• [Given data]
╔══
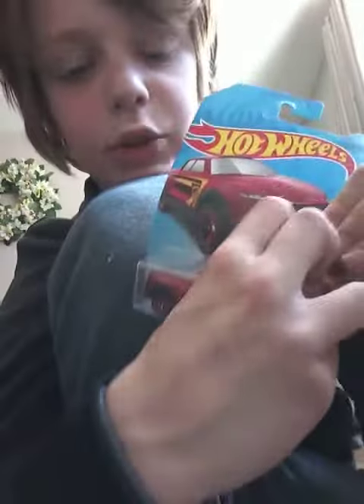So, the first car we're going to unbox is this Too Tough, so let's get into it. So excited for this one.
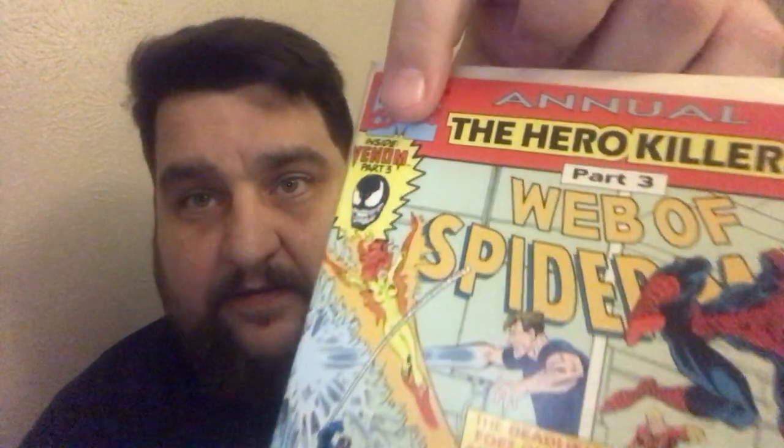Web of Spider-Man number 113 — this issue is actually polybagged. Here is another copy — some sort of work-in-progress thing on the back; I'm not sure what that is. And then this is a newsstand version of Web of Spider-Man 113, not polybagged — never seen the newsstand of that one before. Web of Spider-Man 117 — this is one of those flip covers. Web of Spider-Man 126 — the Trial of Peter Parker, part one. Web of Spider-Man Annual 8 — I got it because it's got a Venom story; there's an annual that Todd McFarlane did a story in and I think it has Venom in it, but I need to go back and look that up.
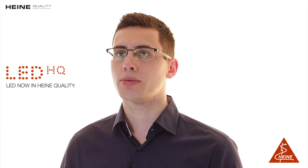Hi, I'm Frederik with Heine and today I would like to talk to you about our LED Microlite. The LED Microlite is a lightweight headlight with a homogeneously and brightly illuminated field in LED HQ — LED in Heine quality — the best in durability, performance and function.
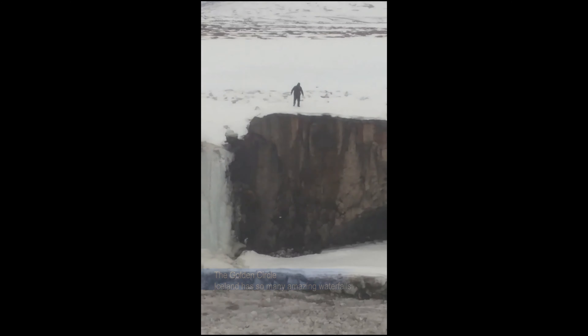Golden Circle is one of Iceland's main attractions. It features numerous waterfalls, geysers, volcanic craters, and other national parks.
╚══
• [What the exercise asks]
Give the listing above again in its entirety and exactly; do not include the pictures.

• [Task response]
So, the first car we're going to unbox is this Too Tough, so let's get into it. So excited for this one.
Web of Spider-Man number 113 — this issue is actually polybagged. Here is another copy — some sort of work-in-progress thing on the back; I'm not sure what that is. And then this is a newsstand version of Web of Spider-Man 113, not polybagged — never seen the newsstand of that one before. Web of Spider-Man 117 — this is one of those flip covers. Web of Spider-Man 126 — the Trial of Peter Parker, part one. Web of Spider-Man Annual 8 — I got it because it's got a Venom story; there's an annual that Todd McFarlane did a story in and I think it has Venom in it, but I need to go back and look that up.
Hi, I'm Frederik with Heine and today I would like to talk to you about our LED Microlite. The LED Microlite is a lightweight headlight with a homogeneously and brightly illuminated field in LED HQ — LED in Heine quality — the best in durability, performance and function.
Golden Circle is one of Iceland's main attractions. It features numerous waterfalls, geysers, volcanic craters, and other national parks.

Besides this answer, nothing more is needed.